EXERCISE OBJECTIVE: With the pictures left out, reproduce exactly the lines from the one containing "Fox Shoes H726809004" through the final line of the entries.

Records excerpted from a collection:
● ● ● ● ●
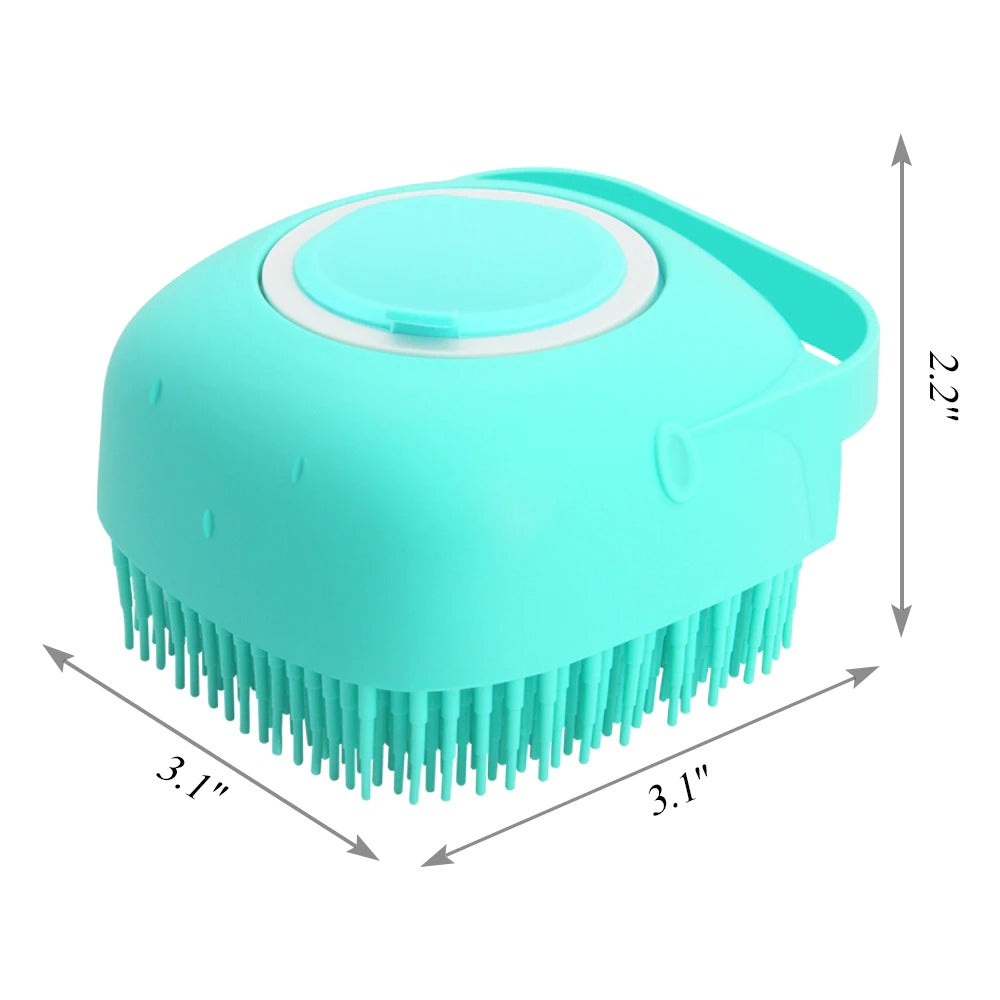 KFX-5170109 Silicone Dog Shampoo Massager Brush for Gentle Cleansing and Massage - Compact Shower Scrubber for Short Hair Pets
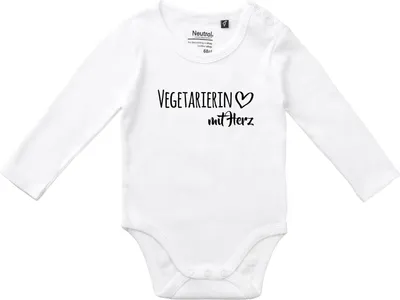 Produktbild von Huuraa Baby Body Vegetarierin mit Herz 74 White  Baumwolle Fairtrade Langarmbody Geschenkidee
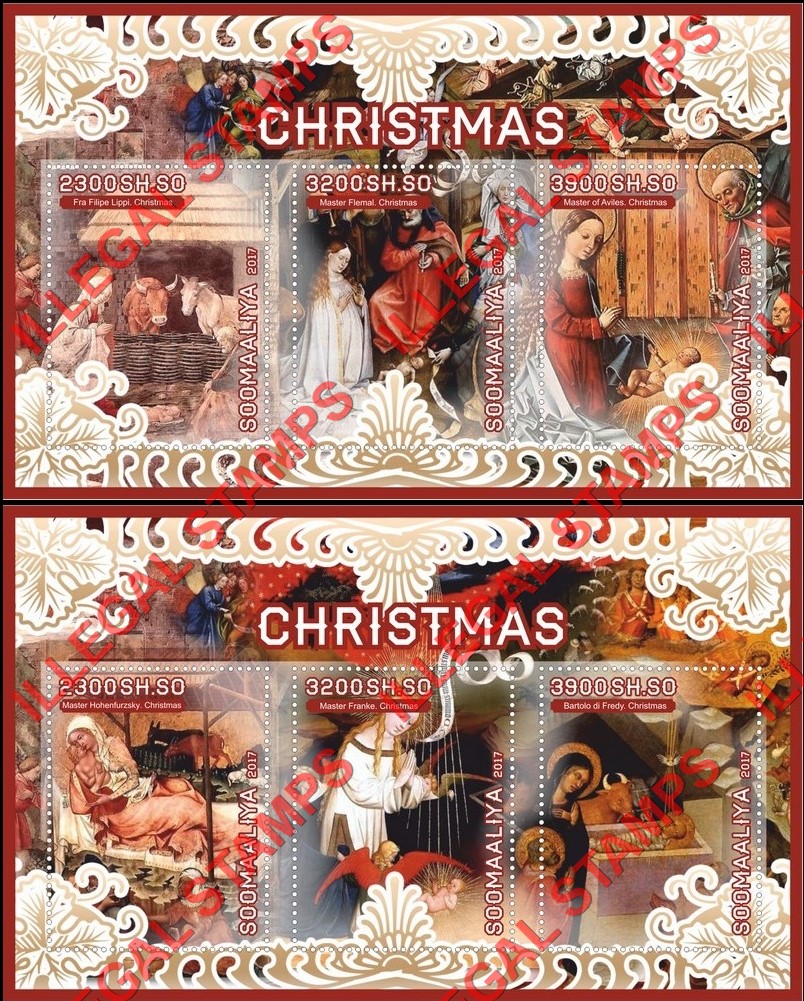 Somalia 2017 Christmas Paintings Illegal Stamp Souvenir Sheets of 3 Somalia 2017 Christmas Paintings Illegal Stamp Souvenir Sheets of 3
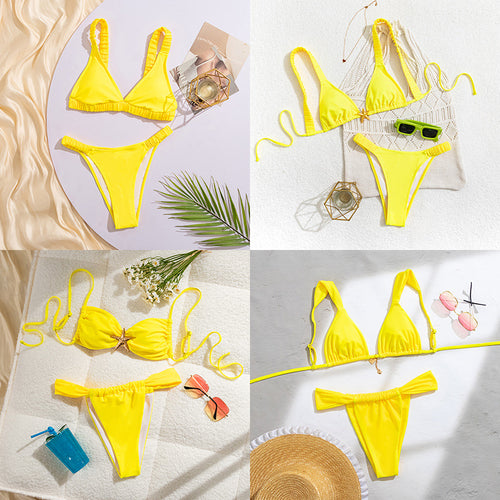 Damen Sportlicher Bikini mit gerafftem Oberteil und hohen Beinausschnitten Echo Archiv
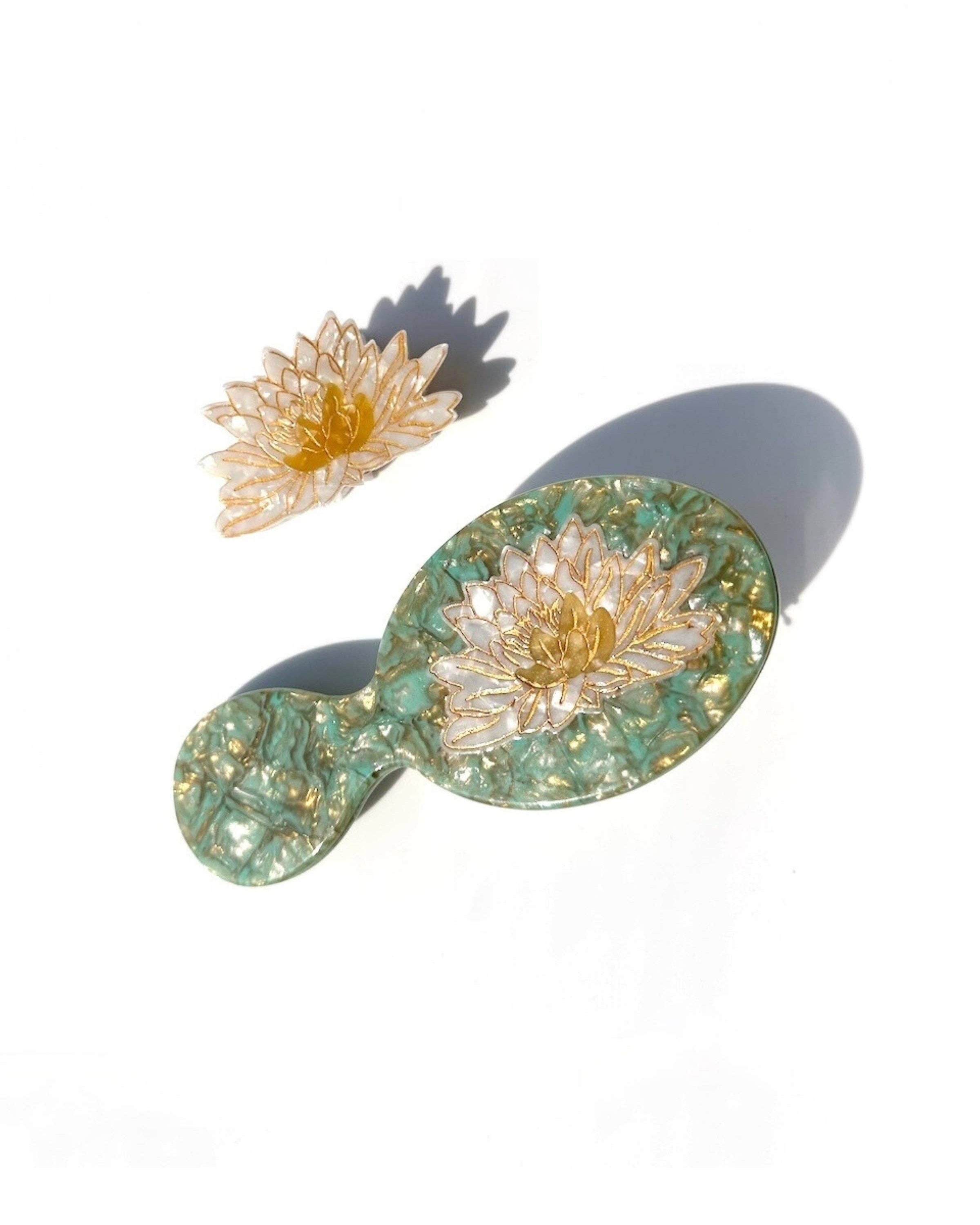 Handbag Heroes Hand-painted Waterlily Hair Gift Set | Solar Eclipse | Hair Accessories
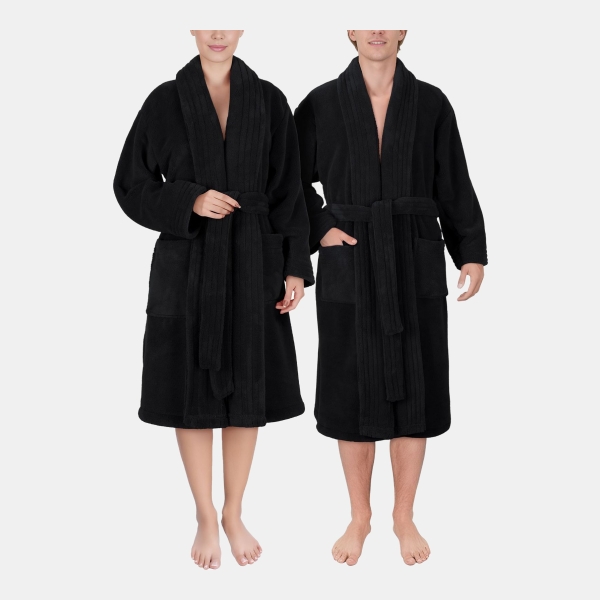 Unisex Luxury Hotel Spa Warm Shawl Collar Soft Plush Fleece Bath Robe - Black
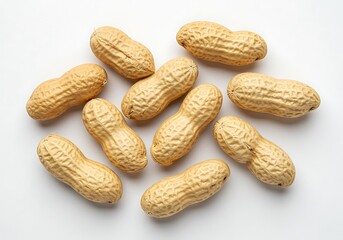 A collection of peanuts in shells on a white surface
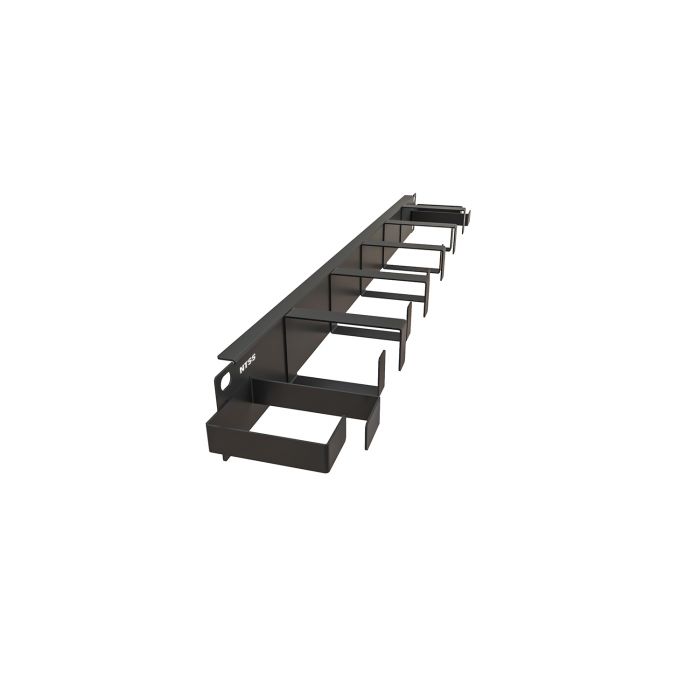 Горизонтальный кабельный органайзер 19", 1U, 7 колец глубиной 65 мм, металл, RAL 9005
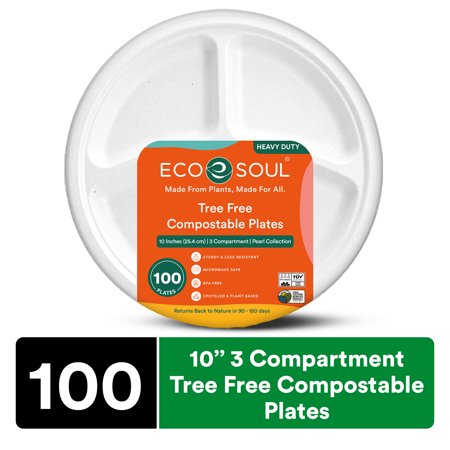 ECO SOUL 10 Inch, 100 Count Heavy Duty Disposable Paper Plates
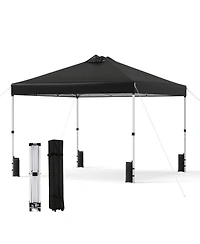 Sugift 10 x 10 feet Outdoor Commercial Pop Up Canopy Tent with One Hand Center Lock
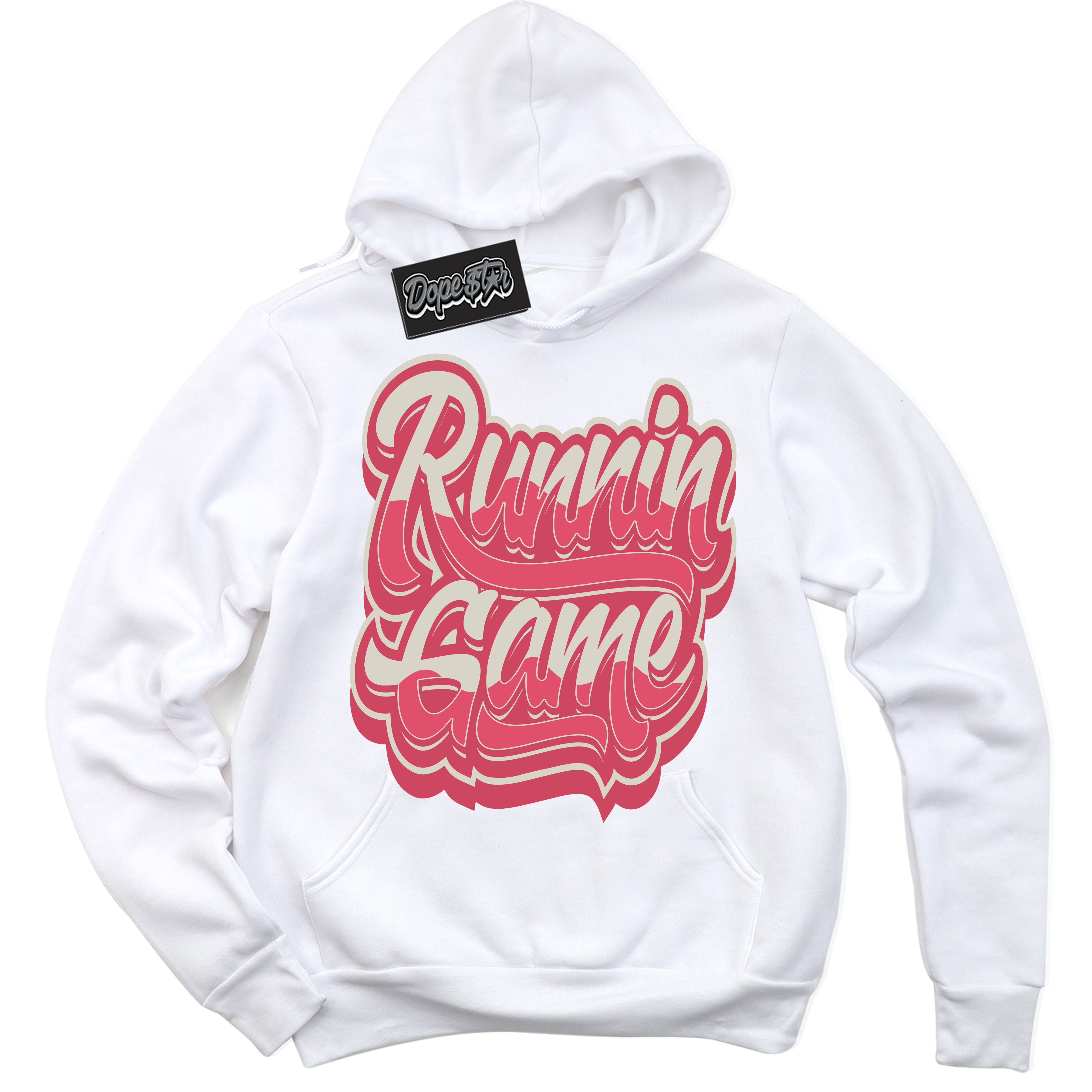 Cool White Hoodie with “Running Game” design that Perfectly Matches Next Nature Aster Pink Dunk.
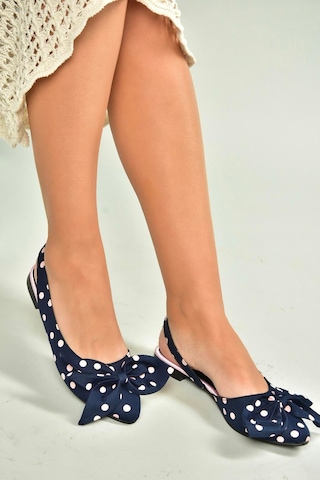 Fox Shoes H726809004 Lacivert Puantiye/pudra Kumaş Kadın Babet Lacivert Puantiye/pudra-kumaş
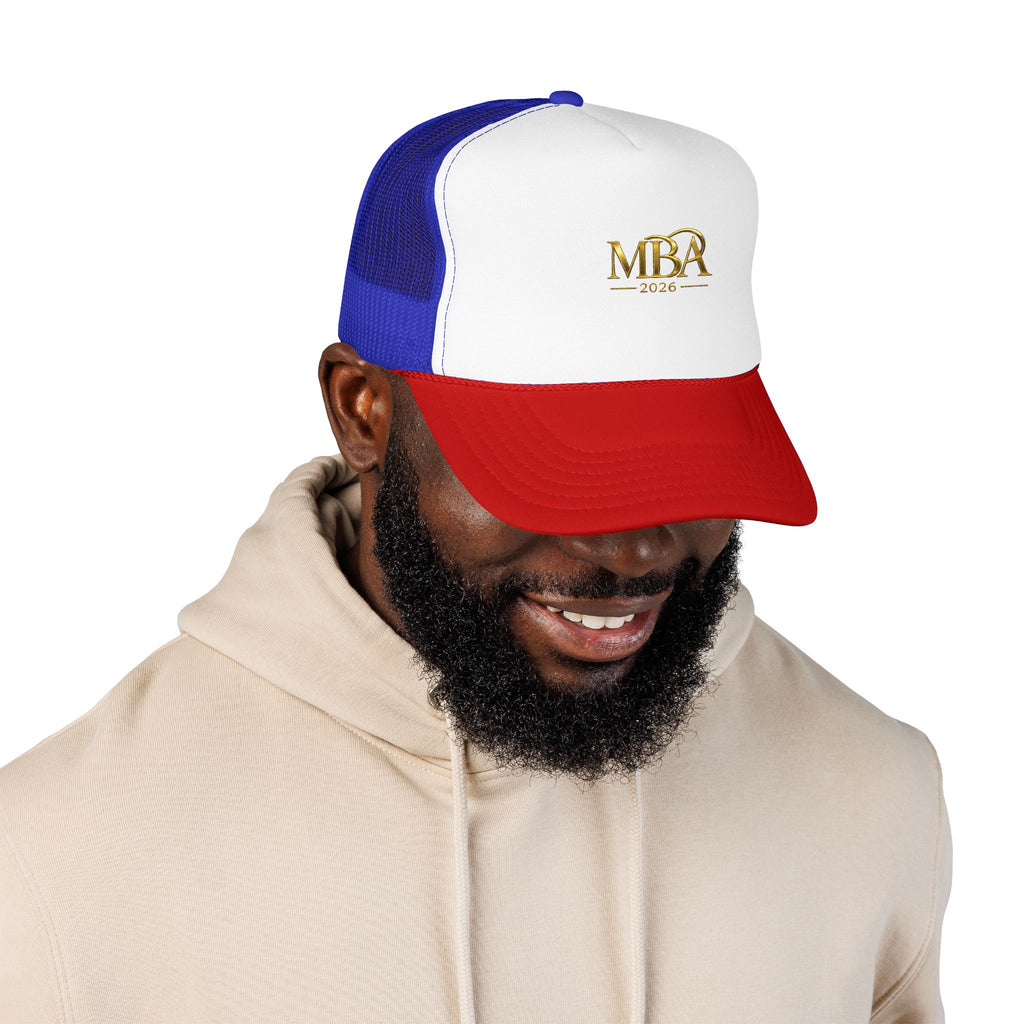 MBA 2026 Trucker Hat - Gold Embroidered Foam Mesh Cap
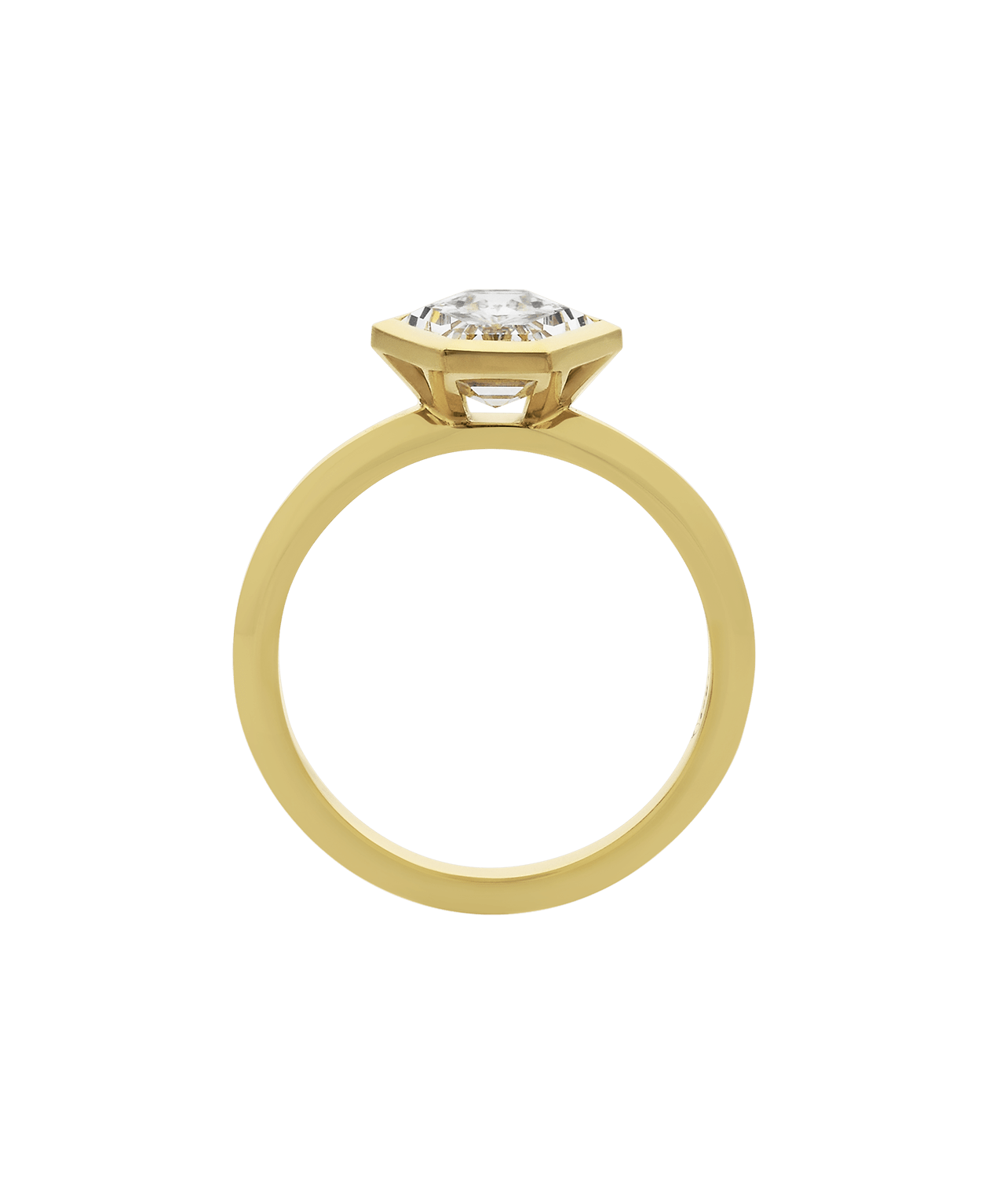 Frida Engagement Ring - 18k Yellow Gold, Elongated Hexagonal Step Cut Lab Grown Diamond 2.42 carat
● ● ● ● ●
SOLUTION TO THIS EXERCISE:
 Fox Shoes H726809004 Lacivert Puantiye/pudra Kumaş Kadın Babet Lacivert Puantiye/pudra-kumaş
 MBA 2026 Trucker Hat - Gold Embroidered Foam Mesh Cap
 Frida Engagement Ring - 18k Yellow Gold, Elongated Hexagonal Step Cut Lab Grown Diamond 2.42 carat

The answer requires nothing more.